## What the task requires
Leave the pictures aside and copy all the data exactly.

Short web captions:
==================================================
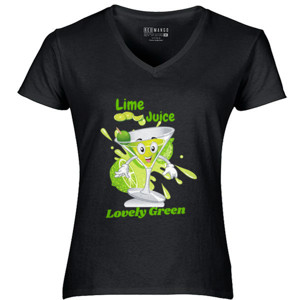 Kaos Lime juice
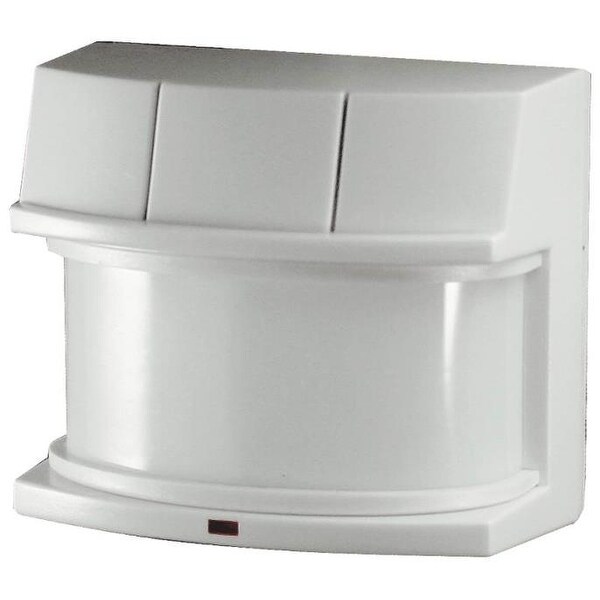 Dual bright motion sensor sale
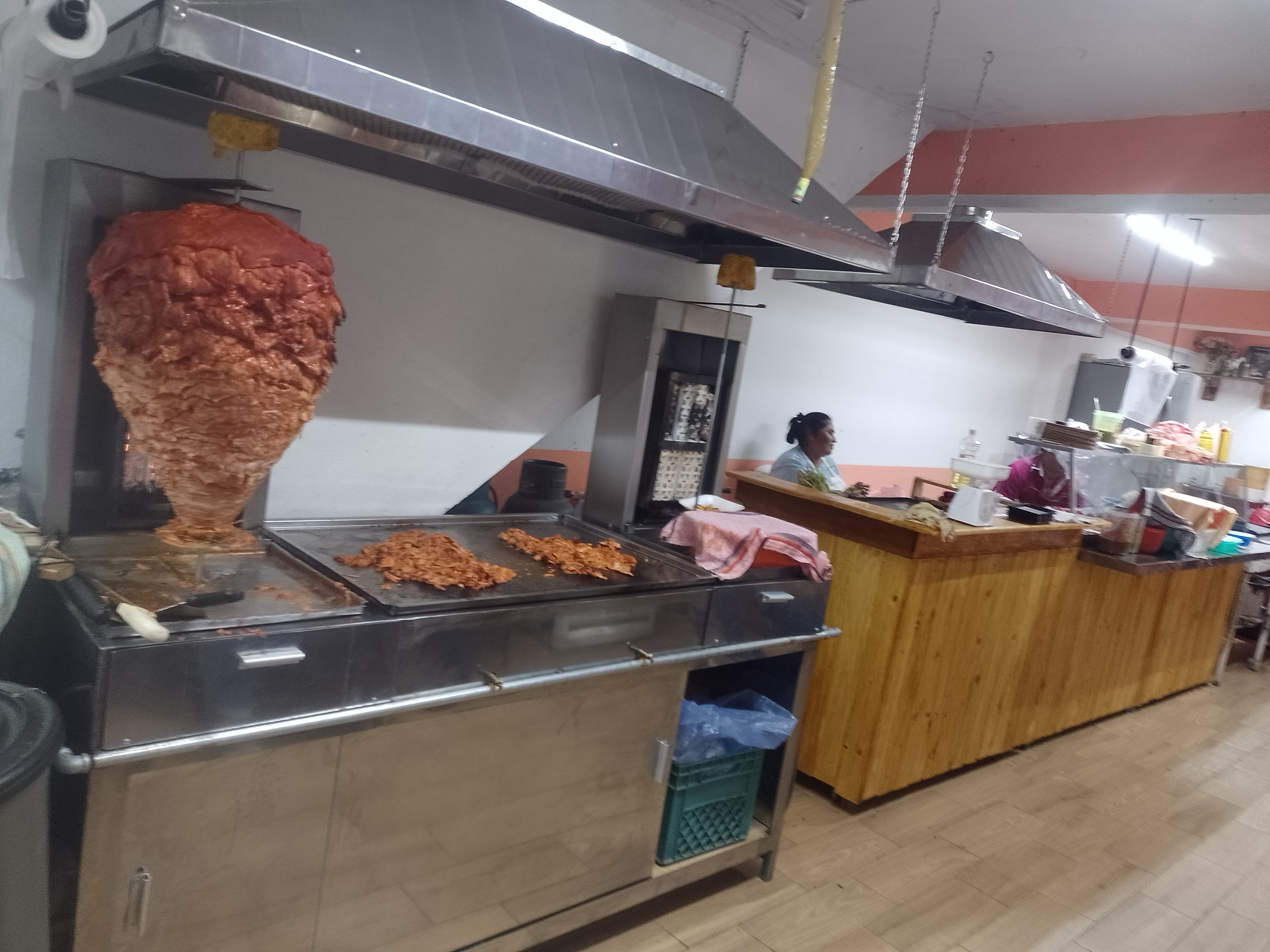 Taquería y antojitos mexicanos "Pikachu " image 6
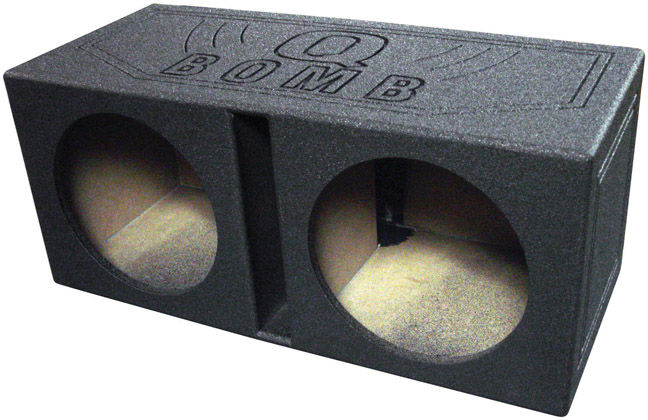 Qpower QBOMB12V Image 1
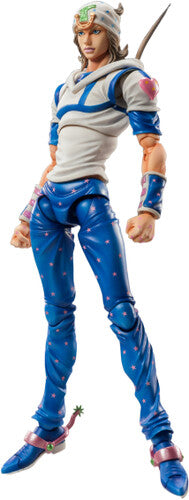 Jojos Bizarre Adventure Johnny Joestar Figure - Jojos Bizarre Adventure Johnny Joestar Figure - Collectibles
==================================================
## Solution to the exercise
 Kaos Lime juice
 Dual bright motion sensor sale
 Taquería y antojitos mexicanos "Pikachu " image 6
 Qpower QBOMB12V Image 1
 Jojos Bizarre Adventure Johnny Joestar Figure - Jojos Bizarre Adventure Johnny Joestar Figure - Collectibles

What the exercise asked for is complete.